Lexical Database of Pakistani Regional Languages
Chapter 2 Literature Review
2.1 LANGUAGES OF PAKISTAN
There are many local or regional languages of Pakistan including Punjabi, Pashto, Sindhi, Saraiki, Urdu and Balochi etc. [30, 32]. Most of these languages do not have standardized alphabets. Only Sindhi, Pashto and Urdu have consistant alphabets. Also Urdu or Sindhi alphabets are used to write other languages . In this research, Punjabi is taken as the main consideration. Below we will discuss writing style, grammar and morphology of Punjabi in detail.
The world’s twelfth most generally spoken language is Punjabi. Also it is most common language which is spoken in Pakistan. According Census Report of Pakistan in 2008, number of Punjabi speakers are 76,335,300 which are roughly the 75% of the total population of Pakistan with their first or second language as Punjabi.
Punjabi language has two dialects: Eastern Punjabi mostly spoken by the people of Punjab in India, and Western Punjabi mostly spoken by the people of Punjab in Pakistan [1, 22, 36]. Perso-Arabic (Shahmukhi) script is used by the people of Pakistan, whereas Gurmukhi / Devanagari script is used by the people of India [30, 31, 35, 37, 41].

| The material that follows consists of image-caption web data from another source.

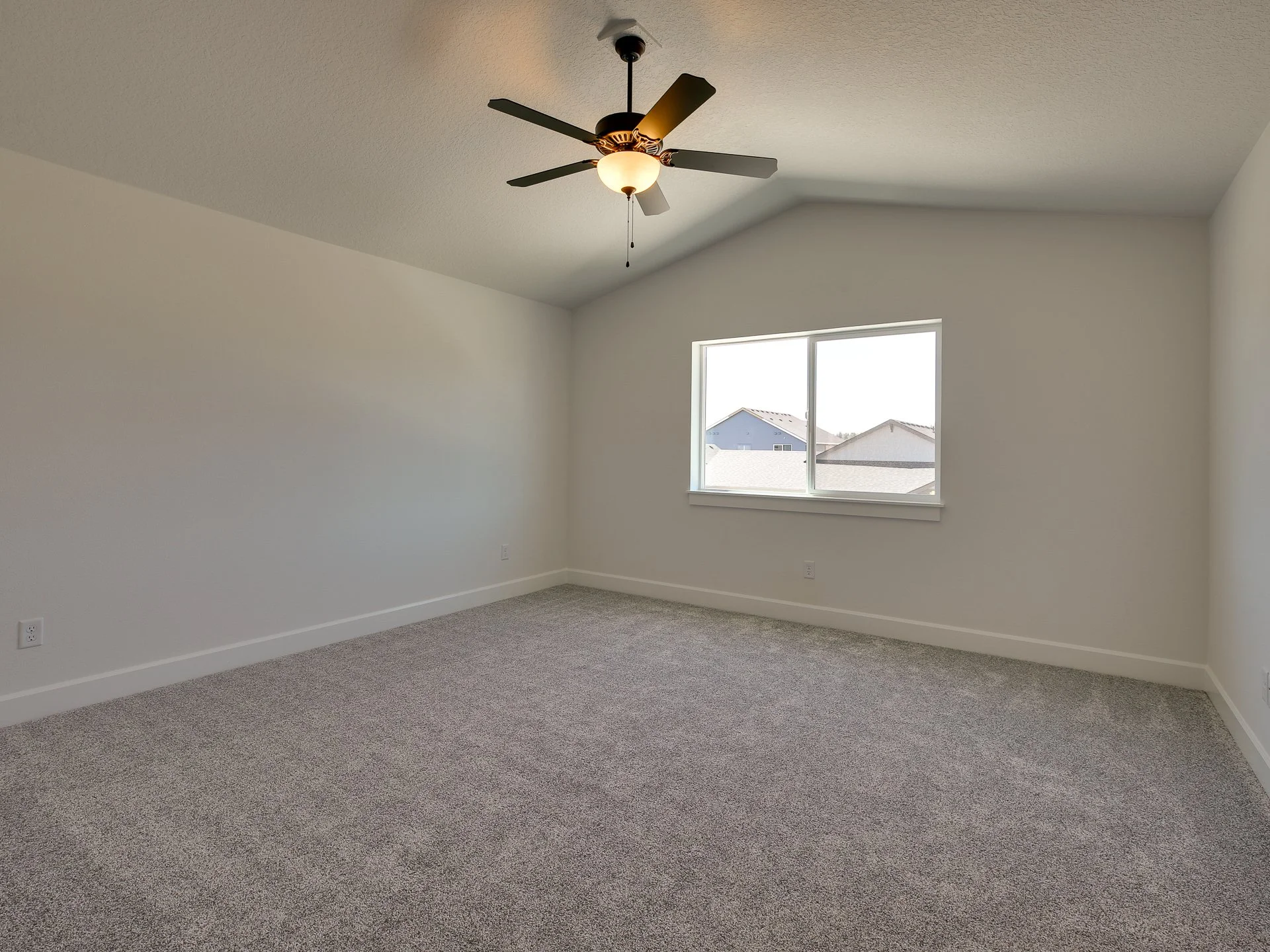 1719 NW 27th Ave - MLS-22.jpg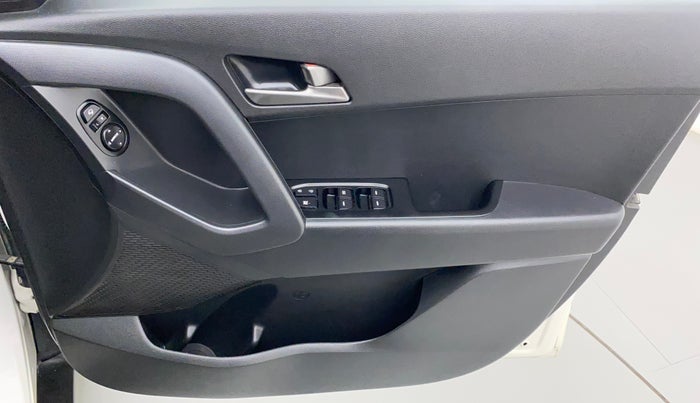2016 Hyundai Creta SX PLUS  ANNIVERSARY EDITION 1.6 PETROL, Petrol, Manual, 55,856 km, Driver Side Door Panels Control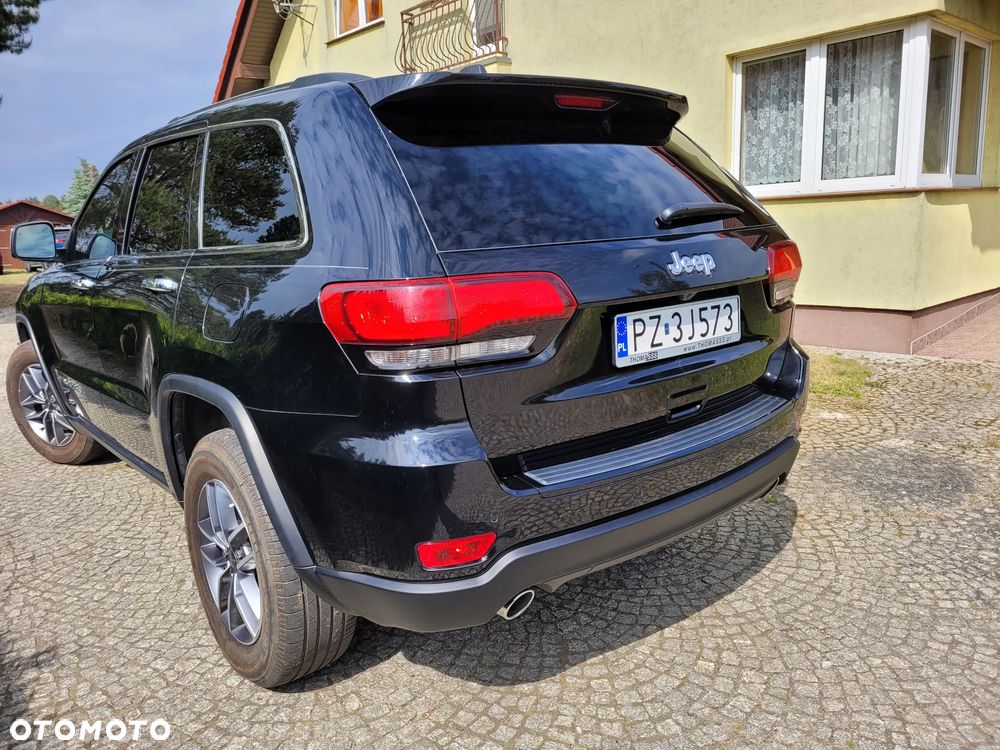 Jeep Grand Cherokee - 14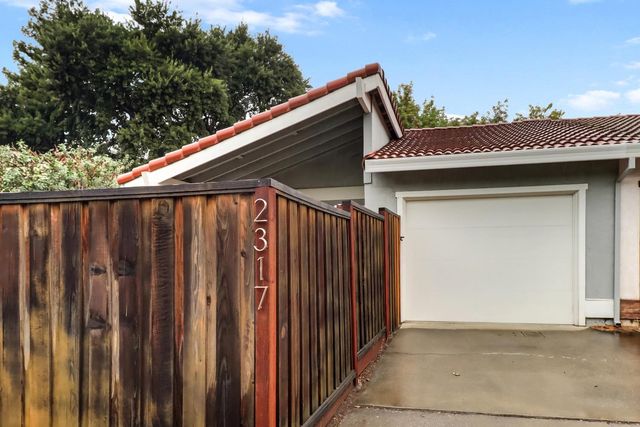 2317 E 8th St, Davis, CA 95618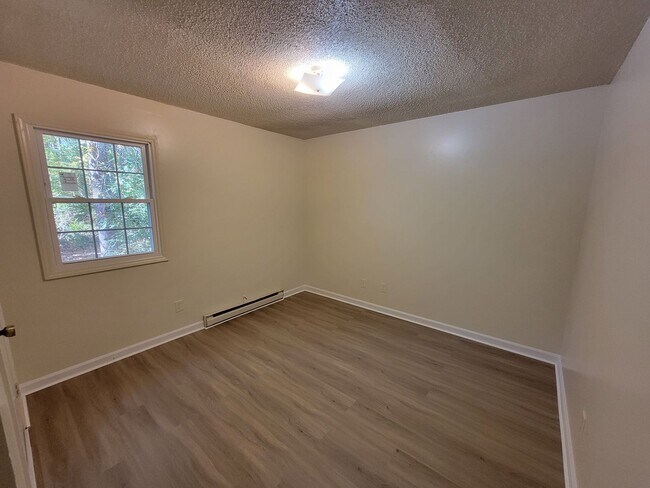 Building Photo - 135 Aunt Mary Ave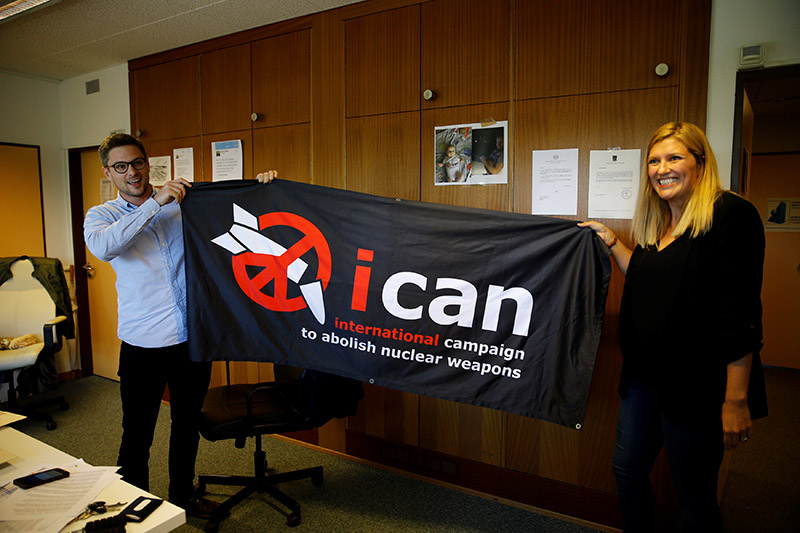 Beatrice Fihn, Executive Director of the International Campaign to Abolish Nuclear Weapons (ICAN) and Daniel Hogsta, coordinator, celebrate after winning the Nobel Peace Prize 2017, in Geneva, Switzerland October 6, 2017. Photo: Reuters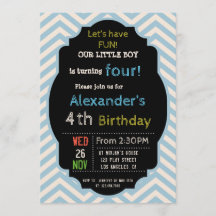 年齢の男の子のためのカラフルな誕生日の招待状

Punjabi language connections back with the Indo-Aryan languages [38, 40]. But with the passage of time, Persian, Arabic and Turkish words constitute the Punjabi vocabulary. Also there is a problem of its alphabets. There are no standardized alphabets of Punjabi. It is usually written by using the alphabets of Urdu . Punjabi (especially that is spoken in Pakistan) is a less resourced language. Generally very little work is done on Punjabi [1, 22] (Gurmukhi / Shahmukhi). The main aim behind this research is to create a huge resource of this language in Shahmukhi script that can be used both by the language learners and users and by the linguists to collect certain information for particular NLP applications.
Shahmukhi is written from right to left and is based on Nastalique style of Persian and Arabic script. The shape of the characters in a word is context sensitive, means a letter has different shape if it occurs at the start position, at middle position or end position of a word .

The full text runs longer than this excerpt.